UCAS adopts public cloud to process university admissions

Ten days before the A-level results, UCAS adopted a public cloud infrastructure to scale up its IT and to make admission process efficient

Ten days before the A-level results that were published this week, the Universities and Colleges Admissions Service (UCAS) adopted a public cloud infrastructure to scale up its IT and to improve the efficiency of students’ university admission process.

UCAS matches students to universities. It processes over 2.5 million applications every year, for 650,000 prospective students across the UK and beyond, helping them gain access to more than 340 UK universities and colleges.

This makes UCAS, for one day in August, one of the most accessed websites in the UK.

So its IT team wanted a platform that could deliver speed, agility, and a high-scale IT infrastructure to process university admissions.

UCAS picked Amazon Web Services (AWS) public cloud in the run up to the results. While AWS was deployed to handle back-end infrastructure, it also used Microsoft Windows Azure for the front end.

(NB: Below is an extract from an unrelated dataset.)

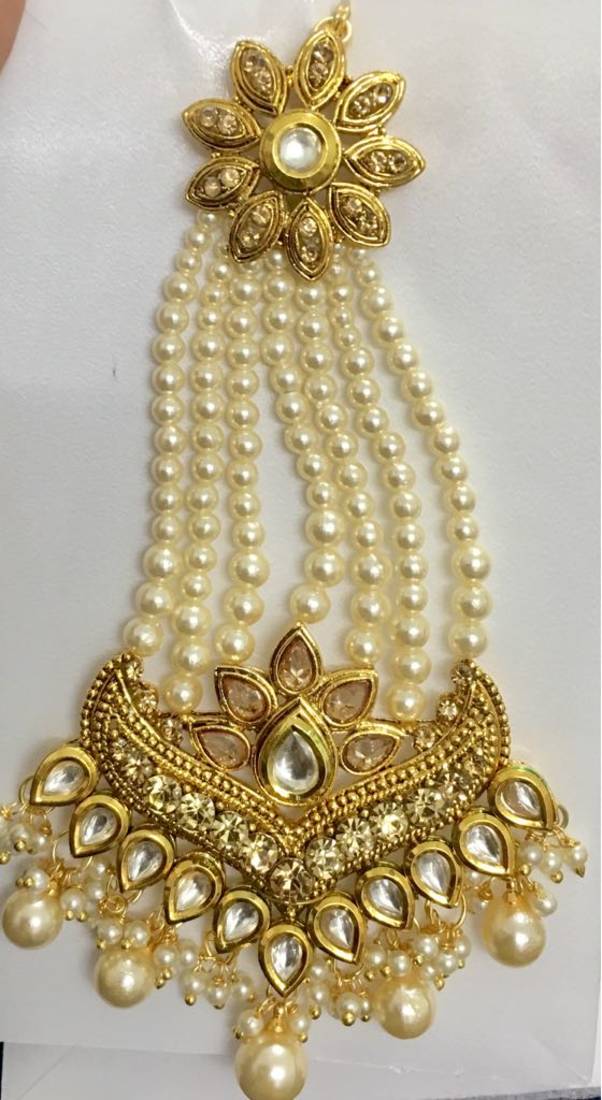 Ethnic India Gold Plated Pearl Kundan Jhumar Passa Hair Accessory Jw14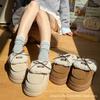 Couro Impermeável Laço Feminino Inverno Algodão Pantufas para Uso Externo Delicada Versátil Veludo Bolo Forro de Lã Espessada Antiderrapante Casa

The AWS public cloud service allowed UCAS to dramatically scale up its infrastructure, giving universities a robust technology platform from which to efficiently place 385,910 students into higher education as of A-level results day.

“We know the admissions process can be extremely stressful for students. Their futures depend on this move into higher education so we take our responsibility as the facilitator of this process very seriously,” said Steve Jeffree, chief operating officer at UCAS.

“It is for this reason that, in 2013, we chose to move the core of the UCAS confirmation and clearing process to the AWS cloud."

The flexibility and the unlimited capacity of AWS meant that UCAS could scale to meet the extreme demands of the admissions cycle.

“Both students and universities expect a high level of service with their admissions process. By investing in cloud technologies, we were able to give every student and university in the UK the fastest response times and top level of service they expect,” said Jeffree.

UCAS used AWS’s European cloud centre in Dublin and bought services such as Amazon EC2, Amazon S3, Amazon EBS, Elastic Load Balancing, Amazon Virtual Private Cloud, AWS CloudFormation, Amazon CloudWatch, Auto Scaling and Amazon ElastiCache.

The organisation also invested in a team of technology experts including cloud engineers, solutions architects and technical account managers as part of an enterprise support package from AWS.

Windows Azure for front-end IT during A-levels

UCAS had to handle 180 logins per second on 15 August when the A-level results were declared. This represented a huge challenge as the hopes and dreams of students rested on the reliability of IT that needed to scale to cope with a massive peak in activity, according to Microsoft’s TechNet blog.

To overcome this challenge, UCAS worked with Microsoft partner IPL for Windows Azure cloud to power the infrastructure that runs the university admissions system. The system provided UCAS with the ability to scale with the massive peak demand it experienced and is now helping students find university places via the UCAS clearing system.

“UCAS’ job is to provide a robust service for universities and colleges across the country, especially during this key time. The higher education sector will benefit from the move to cloud computing for many years to come,” Jeffree said.

The case for public cloud

If UCAS had not adopted public cloud, then supporting a massive influx of traffic for just one day a year would require investing in a large amount of technology hardware which would be unfeasible for a non-profit organisation.

Instead, the pay-as-you-go, flexible and scalable nature of AWS allows UCAS to scale up to meet the demand of students and universities, and only pay for the capacity used. This eliminates the need to have expensive technology hardware sitting around, lying idle until the same day next August.

Moving to the cloud comes as part of UCAS’s strategy to improve the UK student community’s admissions experience and ensure the fairness of the clearing system, according to its IT team.

The public cloud strategy also formed part of its strategic goal to modernise its organisational infrastructure and make the university admissions process as stress-free for students and as efficient for universities as possible.

“With the number of university entrants in the UK steadily growing we wanted to invest for the future to ensure UCAS has 21st century technology to deliver 21st century service to the students and universities of the UK,” Jeffree said.

“Cloud computing is clearly the future,” he added.